What is needed
With pictures left out, output exactly the lines of the listing below from the line that has "DailyWatch | Personalized" to the line that has "Changes sheet music", both lines kept.

Data extracts
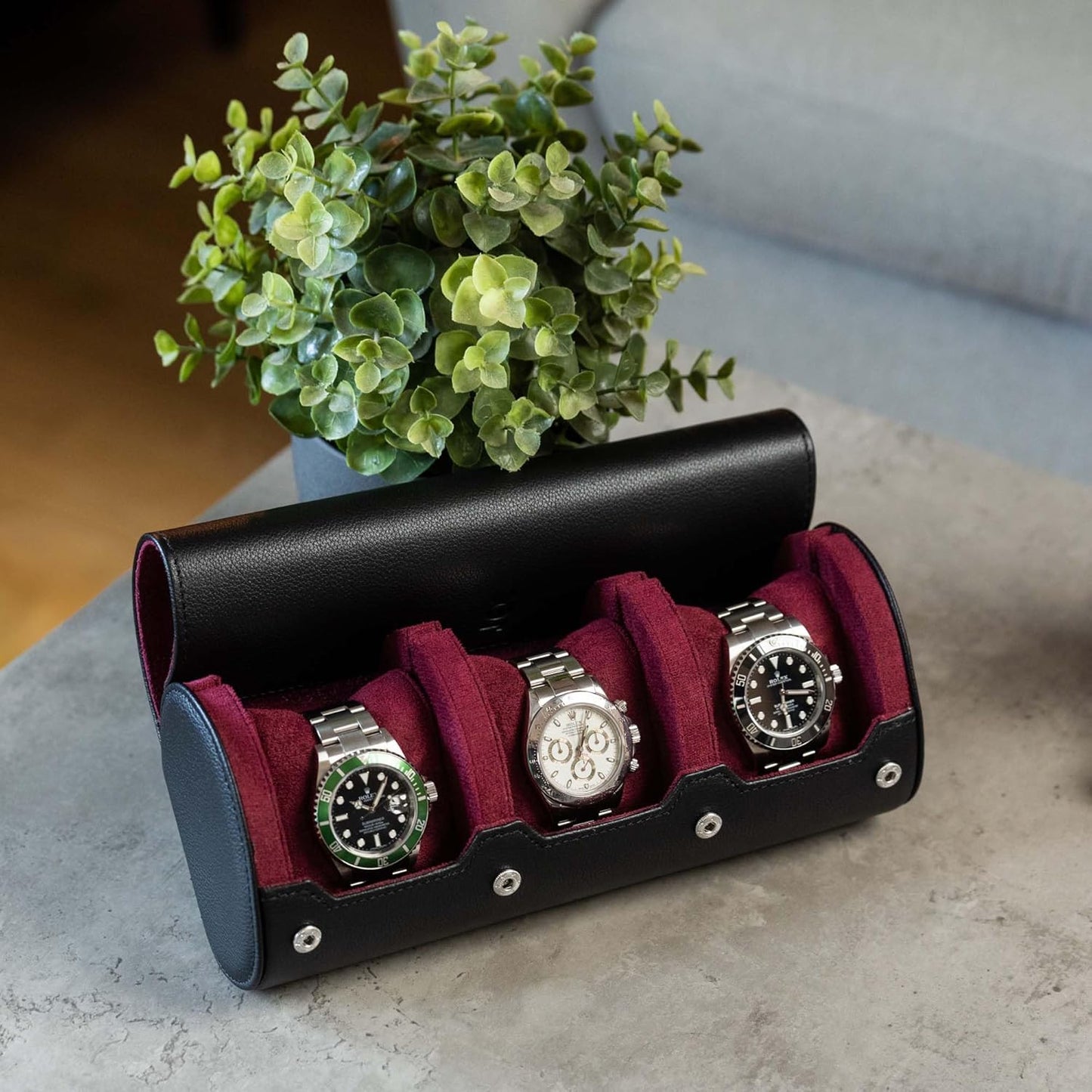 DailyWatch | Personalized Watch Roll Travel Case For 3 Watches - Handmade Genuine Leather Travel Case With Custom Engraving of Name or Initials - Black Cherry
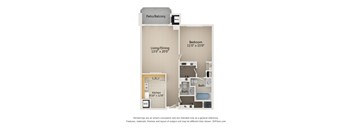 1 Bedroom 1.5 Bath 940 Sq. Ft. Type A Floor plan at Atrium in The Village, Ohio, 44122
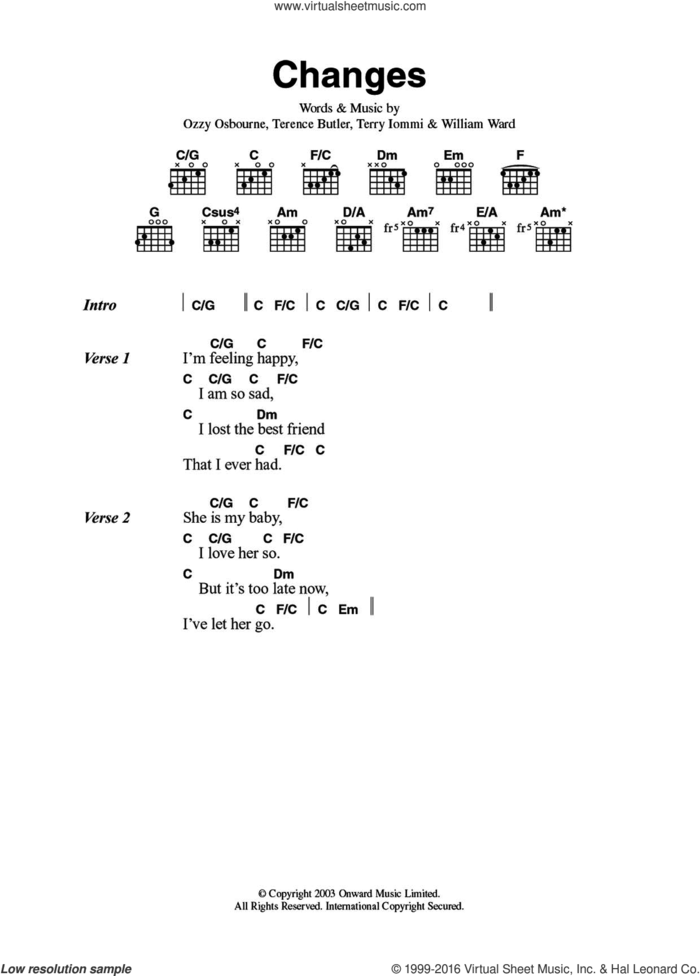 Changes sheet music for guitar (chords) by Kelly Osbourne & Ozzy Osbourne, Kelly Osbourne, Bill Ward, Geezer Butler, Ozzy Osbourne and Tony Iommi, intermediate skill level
==
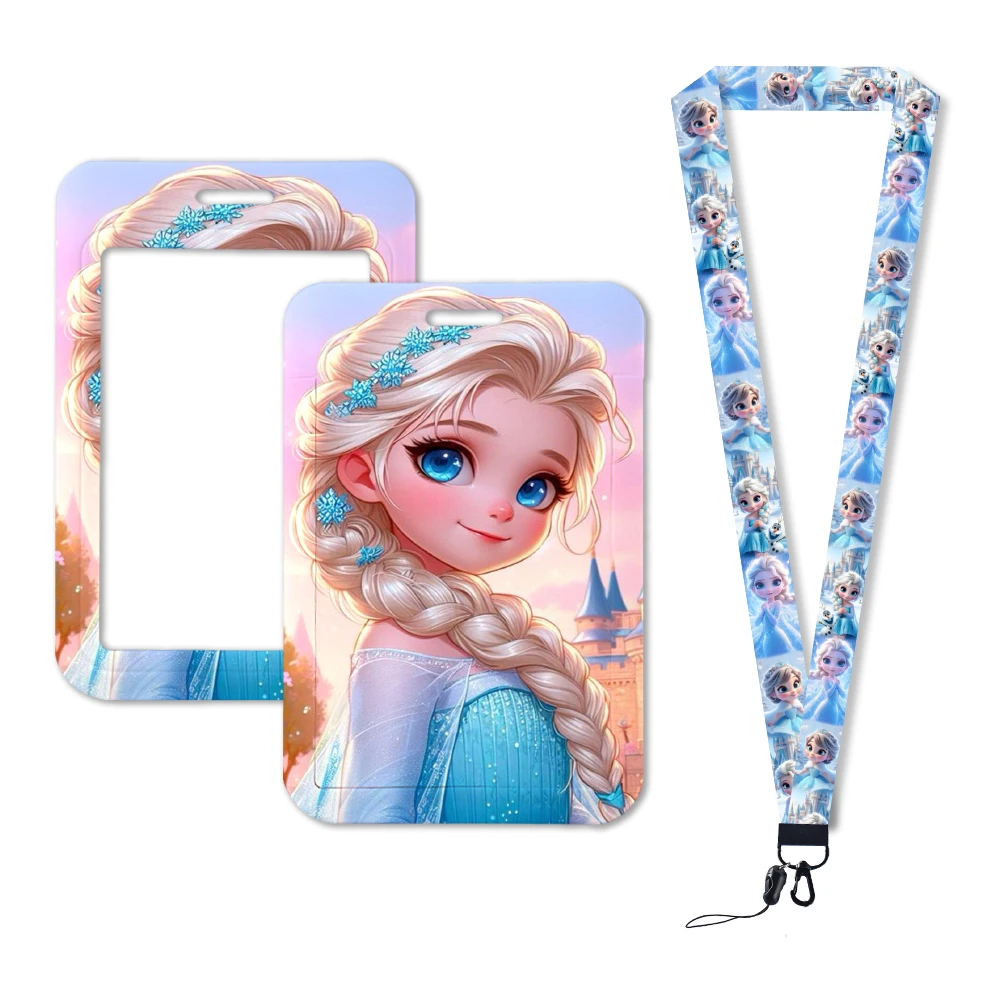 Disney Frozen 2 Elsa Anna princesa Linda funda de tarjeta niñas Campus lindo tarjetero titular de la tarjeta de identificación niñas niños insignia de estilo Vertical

Task output
 DailyWatch | Personalized Watch Roll Travel Case For 3 Watches - Handmade Genuine Leather Travel Case With Custom Engraving of Name or Initials - Black Cherry
 1 Bedroom 1.5 Bath 940 Sq. Ft. Type A Floor plan at Atrium in The Village, Ohio, 44122
 Changes sheet music for guitar (chords) by Kelly Osbourne & Ozzy Osbourne, Kelly Osbourne, Bill Ward, Geezer Butler, Ozzy Osbourne and Tony Iommi, intermediate skill level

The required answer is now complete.